Kanadını hızla çarpınca belli belirsiz ayılıyorum. Çok sıkı sarılmış olmalıyım kanatlarına. Kafam gidip geliyor. Yağmur çok daha şiddetli etrafta şimşekler çakıyor. Bir kümülonimbüsün içinde olmalıyız. Kafam gidip geliyor. Kollarımla sarıldığım atın kızıl kanatları bir var bir yok, kızıl yeleler bir var bir yok, sarı saçlar var. Kolundan sarmışım, sırılsıklam bedeni. Kolu yanıyor, kendisi üşüyor. Göremiyorum yüzünü, saçları ıslak kapatmış mı yüzünü? Yoksa gözlerim mi yanıyor yağmurdan. Kızıl kanatlar geliyor, o sarı saçlar gidiyor. Kızıl yeleler gidiyor kollarımda ıslak bir tanrıça kalıyor.
Her şey birden nasıl değişiyor. Buluttan çıkmakla pırıl pırıl gökyüzünde buluyoruz kendimizi. Aşağıda yılkı atlar kıyı boyu suları sıçratarak koşmaya devam ediyor. Kızıl yılkı dönüp bana bakıyor. Gözlerini o zaman fark ediyorum. Ne kadar derin. Çağlayan gibi akıp çoğaltan gözler. Nerden hatırlıyorum bu gözleri. Oysa görmedim hiç ömrümde böyle bakan gözler. Atıveriyor sırtından beni, kıyıya yakın denizin üstünde. Hey, yüzemem ben. Derindeyim şimdi ve elimde bir deniz yıldızı var. Beş kollu yıldızın bir kolu az içe doğru bükük. “Hatırlıyorum seni, kıyıda kurumak üzereydin seni denize geri bıraktığımda”. Konuşmuyoruz. Suda nasıl konuşulur? Ama anlaşıyoruz. Venüs’e bakarken hissettiğim sonsuzluğu hissediyorum. “Yaralı kolun hangisi?” Ruh mu, ateş mi, hava mı, su mu yoksa toprak mı? “Öğrenmeye başlayacaksın” diyor.” Sen kıyıda kururken beni değil kendini döndürdün hayata”. “Şimdi düşün bakalım hangi kolum bükük olan?”. “Acıyor mu” diyorum. “Yaralı değil ki, sadece artık dengede. O nedenle bükük”.

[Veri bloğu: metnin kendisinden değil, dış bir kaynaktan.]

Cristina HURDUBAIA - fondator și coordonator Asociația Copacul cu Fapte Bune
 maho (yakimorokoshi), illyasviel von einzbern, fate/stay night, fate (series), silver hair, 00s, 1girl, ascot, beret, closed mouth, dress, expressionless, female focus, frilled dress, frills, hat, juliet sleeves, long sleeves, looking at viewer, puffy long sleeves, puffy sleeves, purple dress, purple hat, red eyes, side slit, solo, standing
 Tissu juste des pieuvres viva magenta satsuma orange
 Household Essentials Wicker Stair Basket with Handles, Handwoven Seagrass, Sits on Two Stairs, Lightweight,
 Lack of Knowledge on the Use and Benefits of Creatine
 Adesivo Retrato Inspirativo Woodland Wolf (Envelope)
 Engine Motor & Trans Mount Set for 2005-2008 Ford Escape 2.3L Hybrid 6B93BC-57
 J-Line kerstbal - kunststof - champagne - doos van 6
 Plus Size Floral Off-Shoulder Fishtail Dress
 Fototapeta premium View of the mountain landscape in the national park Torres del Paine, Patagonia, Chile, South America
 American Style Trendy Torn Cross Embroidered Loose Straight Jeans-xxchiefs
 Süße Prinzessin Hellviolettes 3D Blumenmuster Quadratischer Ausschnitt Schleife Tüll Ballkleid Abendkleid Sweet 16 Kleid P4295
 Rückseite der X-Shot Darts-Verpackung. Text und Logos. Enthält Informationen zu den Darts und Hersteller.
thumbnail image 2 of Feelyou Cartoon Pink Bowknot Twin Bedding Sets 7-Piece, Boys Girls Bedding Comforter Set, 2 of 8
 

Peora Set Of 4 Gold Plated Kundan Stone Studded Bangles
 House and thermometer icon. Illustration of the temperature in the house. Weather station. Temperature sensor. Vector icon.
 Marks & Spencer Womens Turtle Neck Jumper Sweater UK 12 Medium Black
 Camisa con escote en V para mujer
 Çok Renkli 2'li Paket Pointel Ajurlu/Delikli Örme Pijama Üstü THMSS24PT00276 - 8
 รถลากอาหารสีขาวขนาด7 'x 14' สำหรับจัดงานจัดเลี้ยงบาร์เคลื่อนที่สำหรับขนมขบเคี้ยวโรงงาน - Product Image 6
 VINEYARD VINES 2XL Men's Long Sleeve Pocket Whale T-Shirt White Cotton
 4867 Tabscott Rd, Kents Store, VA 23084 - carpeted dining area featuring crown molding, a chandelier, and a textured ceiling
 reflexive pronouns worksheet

Zor yerden sordu, nefes almak için zamanım kalmadı ki, nerden bileyim hangisi dengede; irade mi, zekâ mı, duygular mı, maddeler alemi mi? Zor soru nefes almalıyım ben yüzme bilmiyorum. “Yüzme bilinmez ki o zaten var, beni bırak şimdi” diyor. Bırakınca yukarı doğru çıkmaya başlıyor bedenim.
Uzun sürmüş olmalı yüze çıkmam. On gece mi geçmiş sanki?
Büyük bir dalga çarpınca bedenime kendimi kumsalda buldum. Yılkı atları yok, kimse yok.
On gün mü sürmüş dipten çıkmak. Odysseus muyum ben, neden bu kadar kızdı bu deniz.
Başımda tatlı bir dönme hissi var. Derinden çıkarken yarı bulanık bilincimle gördüklerimi belli belirsiz hatırlıyorum.
“Serbestsin” diyor. Sarı saçlarıyla yüzünü gizleyen tanrıça, “aklına ilk geleni çağır, bakalım nelerin peşine düşmüşsün”
“Nefes nefese kalmak deyince akla ilk gelen”; “on gün boyunca terinden şarap yapmak.”
“Sevdiğini bir daha gördüğünde ne düşünürsün”; “memelerden saçılan boncukları.”
“Görmeyeli en çok neyi özlemişsin”; “sırtının pürüzsüz beyazında gözü açık uyumaları.”
“Şimdi yanında olsa ne isterdin”; “bir yudum kızıl şarap, bir nefes yar dudağı.”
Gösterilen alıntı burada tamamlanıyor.